_ACTION ITEM_
Check every line below for the word "Human" and show those that hold it.

□ □ □ □ □ □ □

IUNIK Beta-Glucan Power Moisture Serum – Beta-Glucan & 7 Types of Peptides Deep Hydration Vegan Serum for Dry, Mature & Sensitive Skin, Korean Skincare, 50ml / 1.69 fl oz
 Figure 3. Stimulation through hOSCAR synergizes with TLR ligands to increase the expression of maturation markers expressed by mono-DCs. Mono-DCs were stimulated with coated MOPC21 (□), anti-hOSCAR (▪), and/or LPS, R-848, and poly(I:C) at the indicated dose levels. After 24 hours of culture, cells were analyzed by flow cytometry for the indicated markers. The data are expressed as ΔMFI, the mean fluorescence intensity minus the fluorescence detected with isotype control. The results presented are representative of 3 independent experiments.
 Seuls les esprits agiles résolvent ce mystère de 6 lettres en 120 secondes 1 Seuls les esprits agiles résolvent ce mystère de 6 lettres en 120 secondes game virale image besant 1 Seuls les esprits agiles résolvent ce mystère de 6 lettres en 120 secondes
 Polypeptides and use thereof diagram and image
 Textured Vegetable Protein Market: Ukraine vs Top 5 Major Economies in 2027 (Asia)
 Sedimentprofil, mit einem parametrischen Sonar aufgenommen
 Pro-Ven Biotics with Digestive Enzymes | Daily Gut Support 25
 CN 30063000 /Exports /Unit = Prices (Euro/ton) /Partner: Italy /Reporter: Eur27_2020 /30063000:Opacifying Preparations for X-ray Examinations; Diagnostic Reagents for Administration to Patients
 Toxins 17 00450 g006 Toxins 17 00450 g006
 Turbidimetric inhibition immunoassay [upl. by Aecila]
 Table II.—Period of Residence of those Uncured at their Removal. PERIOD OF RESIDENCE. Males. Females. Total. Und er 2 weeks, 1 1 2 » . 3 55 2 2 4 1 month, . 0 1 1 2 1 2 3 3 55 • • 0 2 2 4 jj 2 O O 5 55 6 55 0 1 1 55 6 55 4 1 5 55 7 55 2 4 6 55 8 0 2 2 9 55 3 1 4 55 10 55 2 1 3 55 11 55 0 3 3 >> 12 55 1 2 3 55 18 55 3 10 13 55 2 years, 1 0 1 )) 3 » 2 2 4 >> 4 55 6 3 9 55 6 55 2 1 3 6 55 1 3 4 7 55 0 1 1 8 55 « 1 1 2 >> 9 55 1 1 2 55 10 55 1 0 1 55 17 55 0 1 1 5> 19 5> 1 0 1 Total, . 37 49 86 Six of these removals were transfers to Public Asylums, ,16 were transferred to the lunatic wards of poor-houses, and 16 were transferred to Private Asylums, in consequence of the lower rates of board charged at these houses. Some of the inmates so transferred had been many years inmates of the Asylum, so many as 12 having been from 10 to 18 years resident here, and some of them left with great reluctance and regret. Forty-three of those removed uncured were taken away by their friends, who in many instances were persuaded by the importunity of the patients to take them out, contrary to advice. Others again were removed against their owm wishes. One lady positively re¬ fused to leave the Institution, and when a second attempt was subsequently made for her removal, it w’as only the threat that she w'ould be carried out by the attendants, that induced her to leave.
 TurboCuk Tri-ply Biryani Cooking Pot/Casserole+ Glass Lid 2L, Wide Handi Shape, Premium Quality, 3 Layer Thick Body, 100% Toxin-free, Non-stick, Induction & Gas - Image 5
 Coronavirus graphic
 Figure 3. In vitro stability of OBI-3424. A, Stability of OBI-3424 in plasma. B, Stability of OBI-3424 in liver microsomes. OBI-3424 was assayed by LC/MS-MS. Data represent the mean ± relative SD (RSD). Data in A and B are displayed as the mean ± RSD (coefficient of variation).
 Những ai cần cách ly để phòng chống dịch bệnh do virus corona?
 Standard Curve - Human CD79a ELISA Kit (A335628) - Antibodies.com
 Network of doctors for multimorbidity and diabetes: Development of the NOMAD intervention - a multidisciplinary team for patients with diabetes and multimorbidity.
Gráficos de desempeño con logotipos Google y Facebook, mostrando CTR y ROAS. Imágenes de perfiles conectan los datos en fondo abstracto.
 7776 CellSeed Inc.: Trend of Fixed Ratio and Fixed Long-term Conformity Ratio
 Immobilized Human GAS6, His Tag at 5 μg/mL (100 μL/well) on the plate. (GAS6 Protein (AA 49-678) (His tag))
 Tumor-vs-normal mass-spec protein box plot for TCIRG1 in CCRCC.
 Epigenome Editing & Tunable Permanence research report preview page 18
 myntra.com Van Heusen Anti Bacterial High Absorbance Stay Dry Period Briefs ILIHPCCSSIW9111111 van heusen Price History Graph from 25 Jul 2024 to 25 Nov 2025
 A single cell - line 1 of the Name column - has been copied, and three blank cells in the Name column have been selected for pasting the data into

□ □ □ □ □ □ □

_RESPONSE TO THIS EXERCISE_
 Standard Curve - Human CD79a ELISA Kit (A335628) - Antibodies.com
 Immobilized Human GAS6, His Tag at 5 μg/mL (100 μL/well) on the plate. (GAS6 Protein (AA 49-678) (His tag))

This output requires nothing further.